Taylor found the edge of Sangakkara's bat and Gayle, normally very safe at slip, couldn't take a low chance diving to his left. By the time Sangakkara eventually fell for 68 the partnership was worth 166. In between there had been other let-offs, too, and one brought the spotlight on West Indies' selection policy.
Fletcher has been given the keeping gloves in place of Denesh Ramdin after the specialist keeper was dropped following the opening game against Ireland. Four balls before the horrendous non-catch, Fletcher fluffed a stumping opportunity off Jayawardene. He isn't a complete novice behind the stumps, having kept extensively for Grenada and done the job during the Stanford tournament, but here he didn't look international quality.
Having your specialist wicketkeeper sat in the dug out seems an expensive luxury. Ramdin's form hadn't been good leading into the tournament, but once selected in the 15 it seems wasteful not to play him. If the selectors were so concerned they should have taken a drastic call before the event and dropped him in favour of another specialist. A part-time keeper is always a risk.
It has been done so West Indies can play an extra batsman, but the runs that keeping errors cost (and Jaywardene's missed stumped was worth 33) means it defeats the object of strengthening the line-up. Fletcher's case wasn't improved by his own painful innings of 16 from 18 balls, but by then the match was already lost.

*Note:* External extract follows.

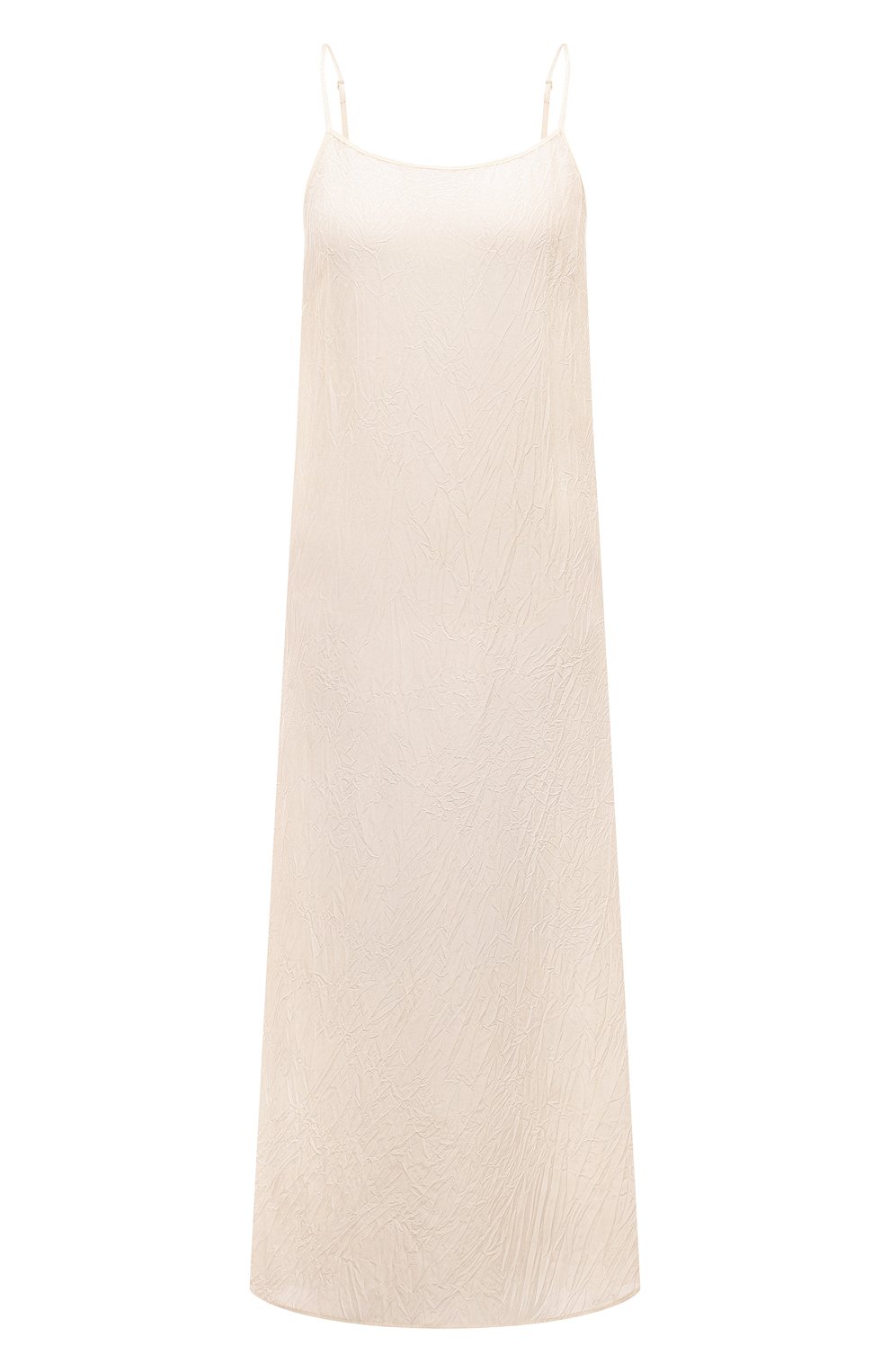 Платье из вискозы UMA WANG, арт. UP5019/SAMPLE, фото 1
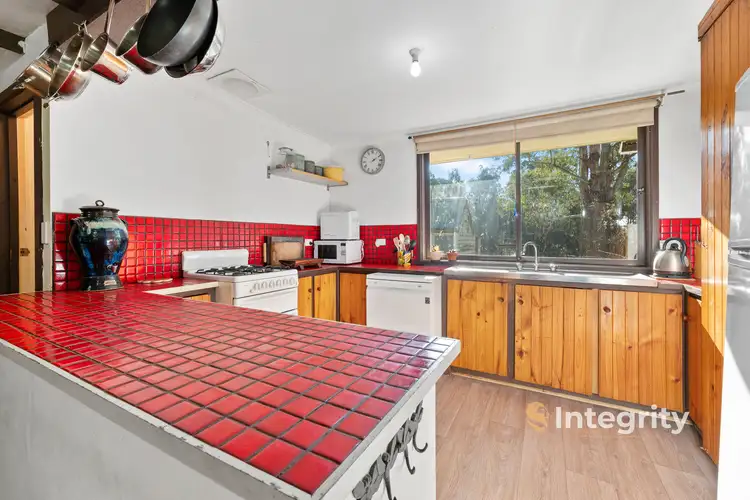 Fourth view of Homely house listing, 1283 Kinglake-Glenburn Road, Glenburn VIC 3717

"Ramdin has been struggling with the bat for the last couple of series and we want to play the extra batter," Gayle said. "So to try and balance the team we have given Fletcher the gloves and he's done well for us before."
It's a conundrum many sides have had, but quality keepers regularly show their worth in Twenty20. Most teams in this tournament are fortunate that their gloveman is also a frontline batsman - Sangakkara, MS Dhoni, Craig Kieswetter and Brad Haddin being top of the list - and it seems West Indies are trying to muddle their way there.
West Indies' fielding of recent times has always had the capacity to fall apart in dramatic style and unless they sharpen up their chances of progressing are slim, although they can take heart that Pakistan won last year despite, not because of, their fielding. However, West Indian heads collectively went down quickly as Jayawardene and Sangakkara produced a masterful partnership and now they must rise to beat India on Sunday.
"We'll discuss what happened today and it's back to the drawing board," Gayle said. "It is must-win for both teams and it should be a good game. We are still confident we can win the two games and move onto the semi-final."